Daticon EED, formerly Electronic Evidence Discovery, was an American company that provided electronic discovery for legal use by its clients. After being founding in 1987 by John H. Jessen, the company contributed to many innovations in the industry and significantly expanded its service offerings and altogether worldwide presence.

It was headquartered in Kirkland, WA with regional operations in Chicago, New York, Connecticut, Washington, D.C., California and the United Kingdom. It was acquired by Document Technologies, Inc. in 2010.

== History ==
John H. Jessen founded the company as Electronic Evidence Discovery in 1987 to address the need for electronic evidence discovery after a lawyer hired him to examine a home computer. Following its founding, the company was responsible for many industry firsts in the field of electronic discovery, including forensic collection software in 1987 and an online review application in 1994.

In February 2008, the company formed a partnership with IBM to provide process design consulting and corporate litigation readiness services to IBM customers and reactive services for individual outsourced litigations. Daticon EED also developed an eDiscovery process manager for IBM's Electronic Content Management (ECM) platform on top of IBM's Filenet P8 platform.

In June 2008, EED acquired Daticon LLC, a Connecticut-based provider of early case assessment, electronic discovery, consulting and archive services and changed its brand name to Daticon EED.

In 2010, Daticon EED was acquired by Document Technologies, Inc.

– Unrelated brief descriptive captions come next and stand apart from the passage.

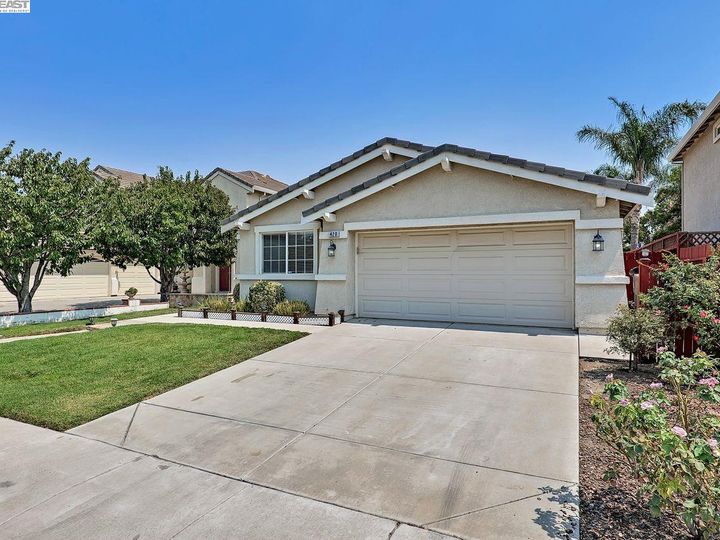 420 Clarence Bromell St, Tracy, CA | Sterling Park. Photo 3 of 40
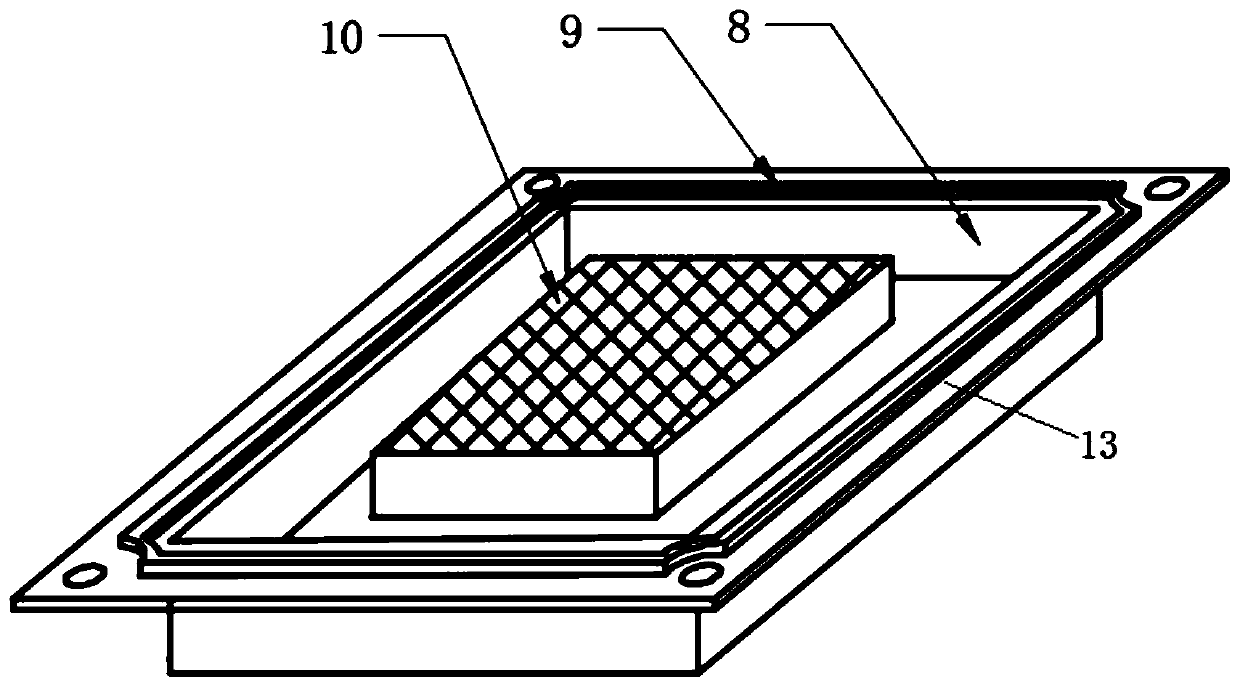 Protective device for fiber grating strain sensor of ocean platform splash zone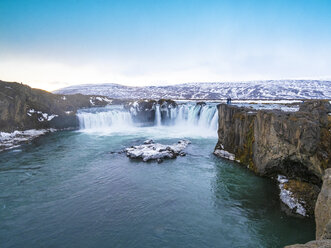 Island, Godafoss Wasserfall im Winter - TAMF01301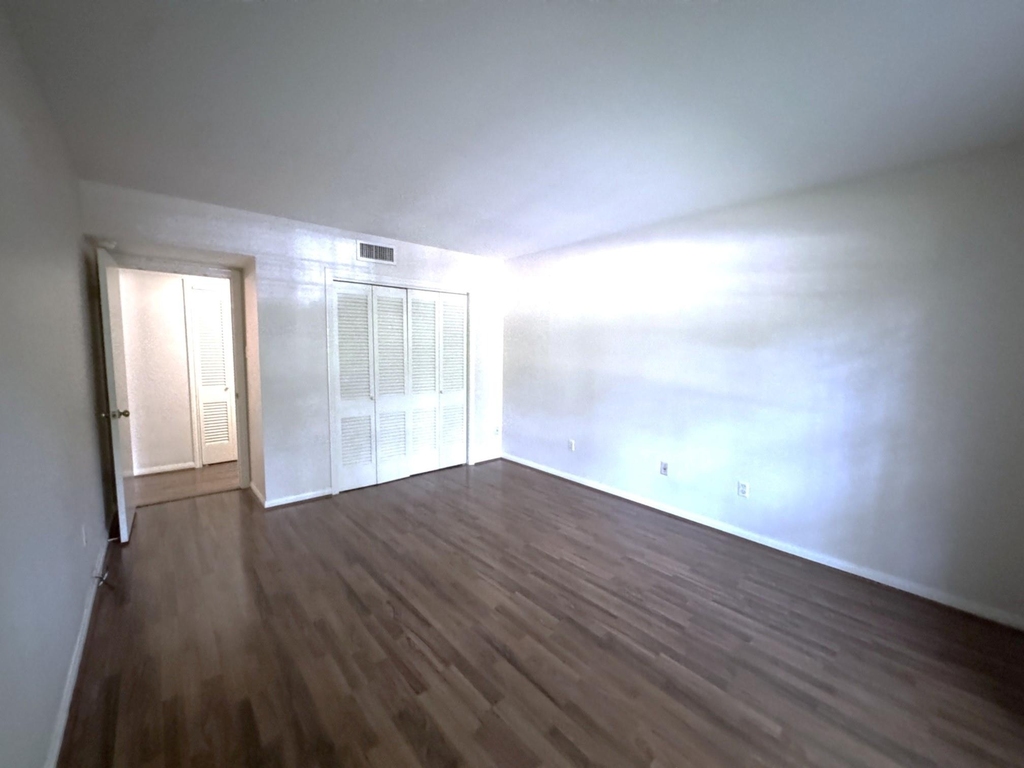 2600 Bellefontaine Street - Photo 16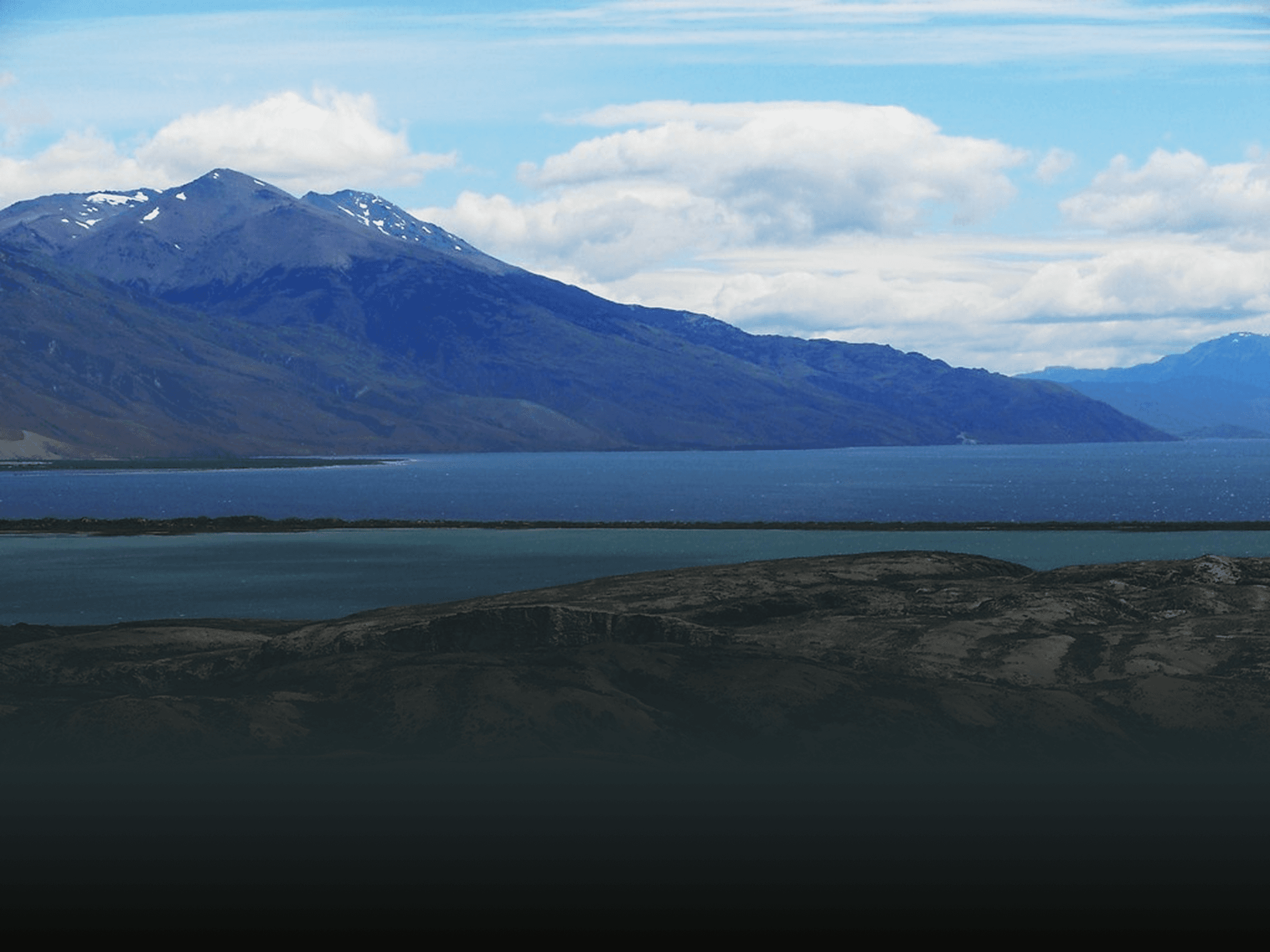 Paisaje patagónico con lago y montañas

== Industry Involvement ==
Daticon EED was the founding sponsor of both the Electronic Document Retention and Production workgroup and the International Electronic Information Management Discovery and Disclosure workgroup of the Sedona Conference.

Launched in May 2005, the Electronic Discovery Reference Model (EDRM) project was created to deal with the lack of standards and guidelines in the electronic discovery market. Daticon EED participated in the following EDRM projects:

- EDRM Metrics: To provide a standard approach and a generally accepted language for measuring the full range of electronic discovery activities.
- EDRM XML: To develop an XML schema to facilitate movement of electronic information from one stage of the electronic discovery process to the next, one software program to the next, and one organization to the next.